At the most formative point in his life, twelve-year-old Herman was cast adrift, losing all sense of security when he most needed it. He would later claim that his mother, a strict Calvinist, hated him. He left school to work in a bank, but could not settle, and after a spell teaching and working on his uncle’s farm, he went west, hoping to become a surveyor on one of the new canals that were opening up the American interior. He got as far as the frontier, St Louis, Missouri, before returning to New York, where he was declined employment as a lawyer’s clerk because his handwriting was so bad. ‘There is no misanthrope like a boy disappointed, and such was I, with the warm soul of me flogged out by adversity.’ Rejected by the land, the young man sought a new life at sea.
On 5 June 1839
the St Lawrence sailed from New York with a cargo of cotton destined for Lancashire mills. Also on board was the nineteen-year-old Herman Melville. He was an outsider, abused by the crew for his middle-class manners, his dandified clothes, and his ignorance of shipboard life, ‘so that at last I found myself a sort of Ishmael…without a single friend or companion’. He found consolation in the ocean, which swelled unaccountably as if possessed of a mind of its own. Once, in a Newfoundland fog, he heard the sound of sighing and sobbing which sent him to the side of the ship. There he saw ‘four or five long, black snaky-looking shapes, only a few inches out of the water’. These were not the monstrous whales of his father’s engravings, no ‘regular krakens, that…inundated continents when they descended to feed!’ They even made him wonder if the story of Jonah could be true.

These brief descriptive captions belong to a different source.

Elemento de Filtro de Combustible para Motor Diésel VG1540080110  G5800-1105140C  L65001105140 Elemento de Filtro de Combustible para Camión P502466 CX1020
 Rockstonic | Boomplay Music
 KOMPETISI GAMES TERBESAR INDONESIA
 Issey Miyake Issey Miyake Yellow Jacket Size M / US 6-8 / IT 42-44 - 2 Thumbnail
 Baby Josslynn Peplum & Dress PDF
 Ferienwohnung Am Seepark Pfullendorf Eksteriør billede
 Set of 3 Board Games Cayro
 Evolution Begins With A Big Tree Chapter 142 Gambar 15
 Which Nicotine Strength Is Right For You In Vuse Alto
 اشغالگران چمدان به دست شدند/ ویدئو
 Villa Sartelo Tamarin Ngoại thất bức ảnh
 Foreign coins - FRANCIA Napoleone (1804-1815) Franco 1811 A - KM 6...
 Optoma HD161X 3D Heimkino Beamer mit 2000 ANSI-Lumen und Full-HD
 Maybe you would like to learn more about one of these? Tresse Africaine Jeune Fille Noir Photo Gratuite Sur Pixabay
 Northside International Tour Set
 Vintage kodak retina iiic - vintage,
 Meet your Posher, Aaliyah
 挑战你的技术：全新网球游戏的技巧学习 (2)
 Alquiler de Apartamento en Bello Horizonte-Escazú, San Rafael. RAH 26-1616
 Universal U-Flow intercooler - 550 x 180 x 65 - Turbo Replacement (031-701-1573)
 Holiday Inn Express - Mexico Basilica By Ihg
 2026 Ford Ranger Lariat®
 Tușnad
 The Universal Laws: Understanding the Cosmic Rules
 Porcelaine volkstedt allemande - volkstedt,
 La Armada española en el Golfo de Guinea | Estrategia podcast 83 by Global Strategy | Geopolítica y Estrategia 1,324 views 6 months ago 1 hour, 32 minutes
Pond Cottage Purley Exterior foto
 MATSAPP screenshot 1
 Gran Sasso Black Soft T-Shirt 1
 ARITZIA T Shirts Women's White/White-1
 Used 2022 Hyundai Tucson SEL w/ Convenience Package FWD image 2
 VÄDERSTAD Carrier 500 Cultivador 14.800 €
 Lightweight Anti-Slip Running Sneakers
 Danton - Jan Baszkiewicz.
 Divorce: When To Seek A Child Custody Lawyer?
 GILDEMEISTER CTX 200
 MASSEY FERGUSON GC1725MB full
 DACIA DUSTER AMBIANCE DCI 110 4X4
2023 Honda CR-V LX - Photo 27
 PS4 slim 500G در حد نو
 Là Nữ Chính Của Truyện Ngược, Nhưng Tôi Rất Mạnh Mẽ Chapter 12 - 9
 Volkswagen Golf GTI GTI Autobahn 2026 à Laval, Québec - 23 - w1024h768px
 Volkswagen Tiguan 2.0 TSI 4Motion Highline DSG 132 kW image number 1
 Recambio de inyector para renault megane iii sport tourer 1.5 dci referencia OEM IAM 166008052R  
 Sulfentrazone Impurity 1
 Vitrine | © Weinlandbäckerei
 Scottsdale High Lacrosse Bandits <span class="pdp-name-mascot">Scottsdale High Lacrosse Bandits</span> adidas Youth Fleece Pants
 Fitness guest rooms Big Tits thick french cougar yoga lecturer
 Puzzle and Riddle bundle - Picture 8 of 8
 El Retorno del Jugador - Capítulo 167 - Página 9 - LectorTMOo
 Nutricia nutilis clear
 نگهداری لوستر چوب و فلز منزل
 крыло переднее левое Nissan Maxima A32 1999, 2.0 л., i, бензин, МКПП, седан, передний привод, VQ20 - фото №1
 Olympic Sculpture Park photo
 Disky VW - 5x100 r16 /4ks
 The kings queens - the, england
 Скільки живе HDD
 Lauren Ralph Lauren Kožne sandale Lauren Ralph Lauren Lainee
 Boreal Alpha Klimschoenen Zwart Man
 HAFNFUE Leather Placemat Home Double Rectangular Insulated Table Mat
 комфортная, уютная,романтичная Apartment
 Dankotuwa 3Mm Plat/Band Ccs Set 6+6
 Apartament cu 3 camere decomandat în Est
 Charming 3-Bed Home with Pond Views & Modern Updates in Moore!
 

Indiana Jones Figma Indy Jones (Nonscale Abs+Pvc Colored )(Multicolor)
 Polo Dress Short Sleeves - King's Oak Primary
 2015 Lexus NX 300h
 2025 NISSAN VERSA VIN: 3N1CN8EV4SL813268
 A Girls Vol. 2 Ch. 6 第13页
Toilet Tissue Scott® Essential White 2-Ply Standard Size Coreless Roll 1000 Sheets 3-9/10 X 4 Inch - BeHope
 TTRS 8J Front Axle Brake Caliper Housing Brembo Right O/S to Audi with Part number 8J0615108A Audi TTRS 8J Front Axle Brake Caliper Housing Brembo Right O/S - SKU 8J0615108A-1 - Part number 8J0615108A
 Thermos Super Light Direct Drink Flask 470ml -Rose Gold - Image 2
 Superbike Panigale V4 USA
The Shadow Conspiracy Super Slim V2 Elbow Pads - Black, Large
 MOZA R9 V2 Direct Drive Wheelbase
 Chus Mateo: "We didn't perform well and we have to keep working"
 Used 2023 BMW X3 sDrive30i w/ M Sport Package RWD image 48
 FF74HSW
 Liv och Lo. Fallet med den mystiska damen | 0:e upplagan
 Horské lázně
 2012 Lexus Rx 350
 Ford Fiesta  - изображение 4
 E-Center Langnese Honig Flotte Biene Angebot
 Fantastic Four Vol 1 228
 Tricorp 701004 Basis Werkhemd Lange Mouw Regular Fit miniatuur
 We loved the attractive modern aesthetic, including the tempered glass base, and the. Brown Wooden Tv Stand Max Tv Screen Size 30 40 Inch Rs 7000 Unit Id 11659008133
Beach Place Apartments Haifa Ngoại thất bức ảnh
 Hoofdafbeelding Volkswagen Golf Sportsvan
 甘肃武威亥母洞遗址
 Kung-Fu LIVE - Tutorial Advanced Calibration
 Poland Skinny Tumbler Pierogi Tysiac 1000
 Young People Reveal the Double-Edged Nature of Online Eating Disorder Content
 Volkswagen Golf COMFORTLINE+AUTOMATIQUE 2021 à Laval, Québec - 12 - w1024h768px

The sights of Liverpool, the second city of the Empire, amazed the young man. He saw a Floating Chapel converted from an old sloop-of-war, with a steeple instead of a mast, and a balcony built like a pulpit. Here William Scoresby, once one of England’s greatest whalers and now a man of the cloth, preached. There were scenes of shocking poverty, too. One young man silently exhibited a placard depicting himself ‘caught in the machinery of some factory, and whirled about among spindles and cogs, with his limbs mangled and bloody’. And in an even more horrific image, a nameless shape moaned at the bottom of some cellar steps: a destitute mother with two skeletal children on either side and a baby in her arms. ‘Its face was dazzlingly white, even in its squalor; but the closed eyes looked like balls of indigo. It must have been dead some hours.’
On 30 September Melville returned to New York on the St Lawrence, only to find nothing had changed but himself. He had made no money, and had to go back to teaching to support his widowed mother and his four sisters. But he had known life at sea, and within a year he would leave on an even more ambitious voyage–from the Whaling City itself.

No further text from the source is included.